A 7 part essay on Kashmir titled ‘The Kashmir Contention’ precedes this writeup. In the series, I tried to address the Kashmir issue with a historic angle to it. I used a number of sources to make a picture out of the distorted mesh that is the narrative spread across the two nations today. In response to the columns, many people opinioned their versions of history to me. I do thank them for that. I cannot claim that what I wrote was the ultimate truth afterall even truth is subjective. However, history is an important means of story-telling, blending in shades of emotions into long gone events that continue to hold importance to these beholders.
The aim of the series besides bringing in a historical touch to the issue, was an attempt to encourage a moving forward of sorts. The two countries have lost much in this ‘forced’ war. I know the gravity of this claim and let me emphasize, I do not take this term lightly. The war, I do certainly believe, has been forced. This does infact imply that partition as well was forced. While this might not be true for all, certain divided families and friends who are now stranded beyond the border would indeed agree with this claim. Partition must have made sense at that time and in many ways, it still does. However, as insisted in another previous column, the movement was lost to a fate it had not hoped for. In that manner, the Pakistan of today is not the country its founders wanted it to be. Yes, we got a geography and we celebrate this geography every 14 August but the nation was never really achieved.

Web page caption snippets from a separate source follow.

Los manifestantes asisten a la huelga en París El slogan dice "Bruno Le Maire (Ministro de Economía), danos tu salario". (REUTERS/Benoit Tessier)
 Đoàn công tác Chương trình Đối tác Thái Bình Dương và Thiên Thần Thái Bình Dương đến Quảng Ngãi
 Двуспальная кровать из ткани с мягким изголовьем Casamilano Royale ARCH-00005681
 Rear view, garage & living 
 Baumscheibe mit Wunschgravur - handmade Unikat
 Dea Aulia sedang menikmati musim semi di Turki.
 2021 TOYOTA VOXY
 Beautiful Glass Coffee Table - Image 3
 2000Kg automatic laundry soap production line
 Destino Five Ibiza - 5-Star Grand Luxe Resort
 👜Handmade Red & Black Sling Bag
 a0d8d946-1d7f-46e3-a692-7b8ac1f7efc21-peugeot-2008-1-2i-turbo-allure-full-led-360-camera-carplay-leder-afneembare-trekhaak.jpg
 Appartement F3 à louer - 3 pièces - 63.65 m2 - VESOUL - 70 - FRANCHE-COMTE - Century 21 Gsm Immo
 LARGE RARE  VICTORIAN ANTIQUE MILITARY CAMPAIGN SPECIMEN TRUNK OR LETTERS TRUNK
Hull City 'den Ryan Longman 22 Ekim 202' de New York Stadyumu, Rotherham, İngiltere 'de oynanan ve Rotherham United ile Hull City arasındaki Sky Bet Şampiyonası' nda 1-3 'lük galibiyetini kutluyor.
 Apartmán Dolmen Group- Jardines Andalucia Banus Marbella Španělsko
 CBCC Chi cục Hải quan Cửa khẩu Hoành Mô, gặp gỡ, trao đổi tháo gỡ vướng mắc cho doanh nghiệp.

If we are to believe the likes of K.K. Aziz, Ayesha Jalal, Ardeshir Cowasjee and Tariq Ali, the country Jinnah wanted was to be secular. It was supposed to be a miniature India, one with simply a muslim majority population. Other religions were to live here independently just as they generally do in the India of today. There was a strong cultural cohesion, wrapped into layers of traditions that even the religious differences could not overcome. The combined India was indeed a population which found a lot of common traits within itself. The separation hence was even more hurtful. This hurt hence, the ‘dissection of Holy India’, as it was insisted then, was ripe for exploitation of vengeful obsessions and fixations. The two countries with their conflicts are a sad outgrowth of this vengeance.
But I have said all this before, have I not? As much as I want, I cannot put in anything new in this discussion. I have expressed my fantastical hopes of peace more than a couple of times now. The bureaucracy of these countries, the politicians and indeed the uniforms do not agree with me.
So how does one move on? It’s simple. One has to embrace the reality and the reality is this: the common people matter. Movements and revolutionaries have shown us that. Economic and political models have emphasized that. The individual is a powerful entity, one held back only by his/her naivety. The Aman Ki Asha initiative remains a landmark achievement. The facebook community has brought people together. There are talks of visits, planning of trips, clearing of ambiguities and indeed representing a positive side of oneself as well as the other to the audience that are the members. A simple scrolling across the community’s timeline gives one hope. Hope is important. In most cases, hope is all that really matters.
And yet, there will be many who would insist that these people are, as they would suggest I myself am, a keyboard warrior. Nothing material will come out of this for the opinions take birth in drawing room discussions and end in their cyber interpretations and debates. The internet is a ‘soft’ version of the discourse and as is understood by the term, the soft cannot be taken seriously.
And yet, here I insist quite forcefully that it does. The power of internet is beyond any blessed blessing. For example it has allowed introverts to speak out, to shun away their hard shells of nervousness and instead reveal their potential. The common man has found strength to voice his opinion and while doing this, find people who share his opinions. The world of internet is, to some extent, a less lonely world. It’s a more receptive world. And, as has been shown by revolutions of the like of the Arab spring, the world of internet is a powerful world.
In this world, the cyber initiatives like aman ki asha do not remain limited to their cyber confinements. They are more than words on computer screen. They are exhibitions of a philosophy that has been forced to remain quiet by the ‘powerfuls’ of the two nations. The people are speaking now and they are finding similar people both living with them and indeed living across the border. There is commonality again. This, if nothing else, is a praise worthy achievement of these ‘keyboard warriors’.
Power to the individual.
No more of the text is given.